Is designing a parking lot a system design or object-oriented design question?

It is an object-oriented (low-level) design question, not a distributed system design one. The interviewer is judging your class modeling — clean entities, enums, relationships, and responsibilities — rather than sharding, caching, or fan-out. The deliverable is a tidy set of classes and methods, not a scaled-out architecture diagram.

What are the core classes in a parking lot design?

The usual entities are ParkingLot (the top-level coordinator), Level or Floor, ParkingSpot, a Vehicle hierarchy (Motorcycle, Car, Truck), and Ticket. Enums capture the fixed sets — VehicleSize and SpotSize — and a display board or pricing component is often added. Each class owns one clear responsibility.

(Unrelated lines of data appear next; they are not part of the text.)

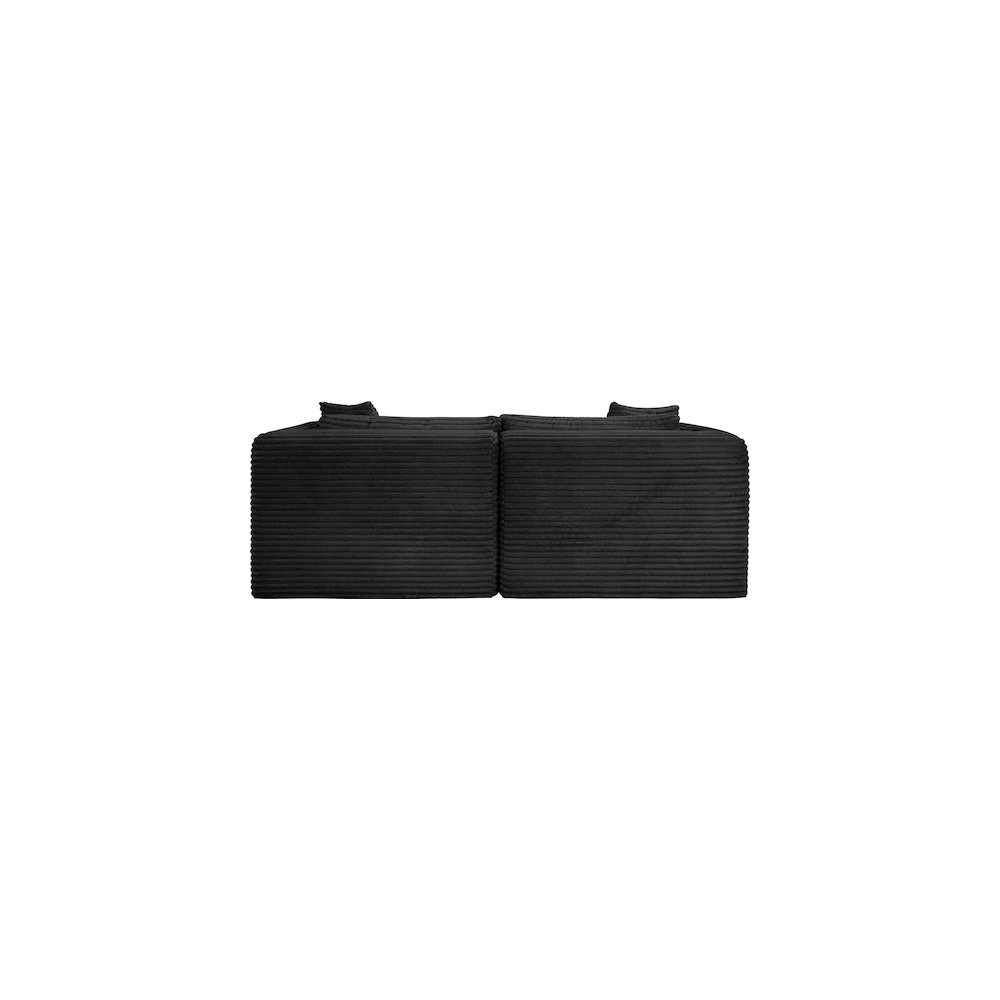 Shaggy Black Corduroy Performance Fabric Modular Sofa. Picture 4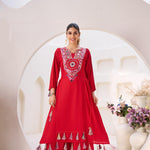 Reyon Fabric With Thread & Real Mirror Work Top Plazzo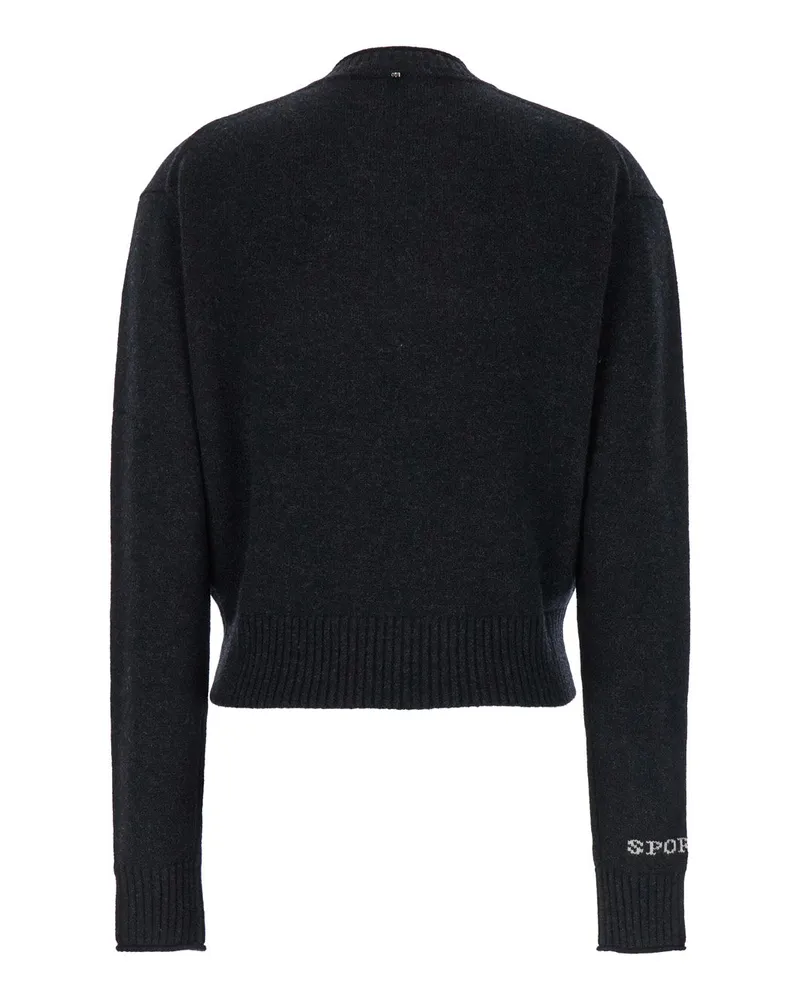 SPORTMAX Women's Black Crewneck Sweater With Logo Lettering Wool Tops Top Black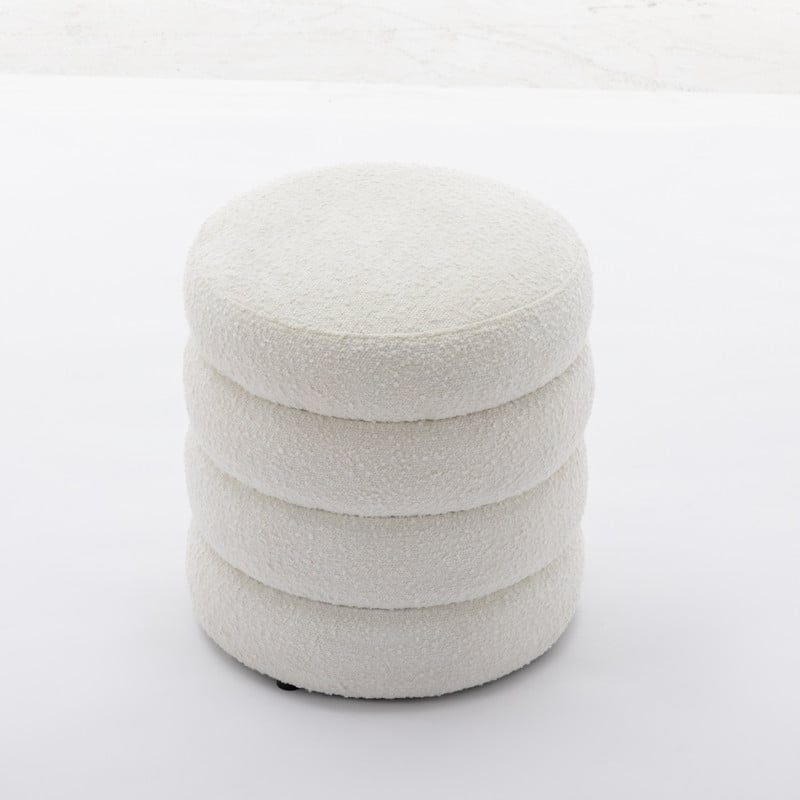 Boucle Round Ottoman Footrest Stool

How do you assign a spot to a vehicle of a given size?

Each vehicle declares the smallest spot size it can occupy, and the lot searches for the nearest available spot that fits. A common rule is that a vehicle can take its own size or larger — a motorcycle fits anywhere, a car needs compact or large — and the assignment strategy can be swapped out to optimize for nearest spot, best fit, or level balancing.

How do you handle pricing and payment?

The ticket records the entry timestamp; on exit, a pricing strategy computes the fee from the elapsed duration and vehicle type. Keeping pricing behind a strategy interface lets you support flat hourly rates, tiered rates, or daily maximums without touching the parking logic, and the payment step simply marks the ticket paid before the gate opens.

Why does concurrency matter in a parking lot design?

Multiple entry gates can try to claim the last free spot at the same time, so spot assignment must be atomic. Guarding the available-spot collection with a lock, or using an atomic compare-and-set on each spot's status, prevents two cars from being assigned the same spot — the low-level equivalent of a race condition the interviewer expects you to raise.